Chinas Markt der Masken
Deals um »heiße Ware«
Europäische Mittelsmänner in China bezeichnen die Situation wahlweise als »Irrenhaus«, »wie im Wilden Westen« oder reden von »Kriegszuständen«. Auf der Produzentenseite hingegen wird von einer »Goldgräberstimmung« gesprochen: Maskenproduzenten in der Volksrepublik China arbeiten auf Hochtouren, um den Rest der Welt zu versorgen. Schon vor der Krise produzierte China rund die Hälfte aller Schutzmasken weltweit. Nun soll der Anteil laut Morgan Stanley bei etwa 85 Prozent liegen. Früh erkannten chinesische Unternehmer das Potenzial - und reagierten, auch dank staatlicher Anreize, blitzschnell: Bis Ende Februar stießen 9000 Firmen auf den Markt der Masken.

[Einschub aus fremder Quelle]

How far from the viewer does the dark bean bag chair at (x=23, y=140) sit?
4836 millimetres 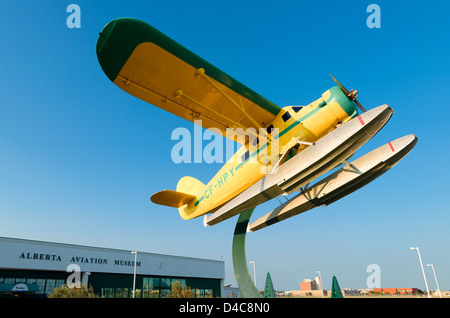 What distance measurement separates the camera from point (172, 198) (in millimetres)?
11234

Die chinesischen Produzenten nutzen ihre Machtposition aus: Ohne 100-prozentige Überweisungen auf Vorkasse sind derzeit keine Deals denkbar. Europäische Firmen und Regierungen nutzen gezielt ihre Kontakte vor Ort. Ein deutsches Unternehmen mit Präsenz in China antwortet auf Nachfrage, es musste einige Mittelsmänner »abblitzen lassen«, weil diese selbst »groß mitverdienen« wollten. Das Wall Street Journal berichtet von einem westlichen Forschungsinstitut, das eine fünfstellige Dollar-Summe überwies, ehe es überhaupt eine potenzielle Lieferung an medizinischen Lüftern vor Ort inspizieren durfte.
Das Vorgehen der chinesischen Firmen ist bemerkenswert, schließlich sind die Behörden im Land strikt gegen Wucherer vorgegangen. Apotheken oder Online-Händler, die Masken überteuert anboten, mussten Geldstrafen zahlen oder ins Gefängnis. Zudem haben sich bereits Dutzende Regierungen über mangelhafte Ware aus China beschwert. Die Gesundheitsbehörden Kanadas behaupteten, dass eine Million Atemschutzmasken des Typs KN95 aus China nicht für den Kampf gegen Covid-19 geeignet seien und händigten sie nicht an Ärzte und Pfleger aus.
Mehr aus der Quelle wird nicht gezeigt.